__Raw data__

%%

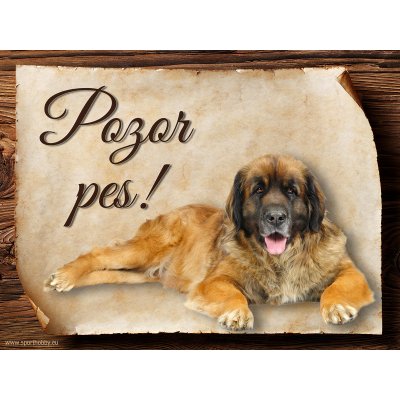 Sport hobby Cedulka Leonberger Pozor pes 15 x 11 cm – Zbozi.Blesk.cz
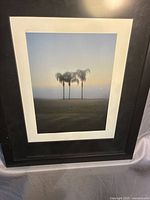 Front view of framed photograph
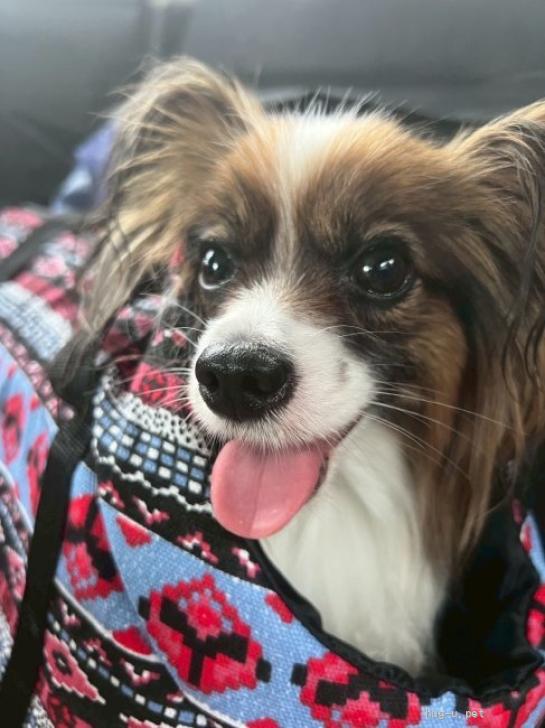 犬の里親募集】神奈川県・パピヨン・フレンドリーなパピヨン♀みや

%%
%%

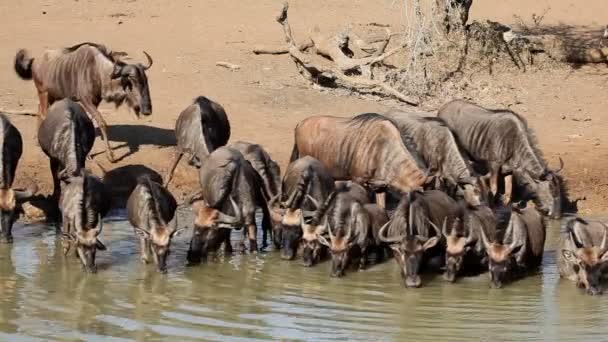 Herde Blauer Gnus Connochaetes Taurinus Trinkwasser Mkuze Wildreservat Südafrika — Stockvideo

%%

__What needs to be done__
Copy the lines above exactly, starting with the line that contains "Sport hobby Cedulka" and ending with the line that contains "犬の里親募集】神奈川県・パピヨン・フレンドリーなパピヨン♀みや", and leave out any pictures.

__Solved exercise__
 Sport hobby Cedulka Leonberger Pozor pes 15 x 11 cm – Zbozi.Blesk.cz
 Front view of framed photograph
 犬の里親募集】神奈川県・パピヨン・フレンドリーなパピヨン♀みや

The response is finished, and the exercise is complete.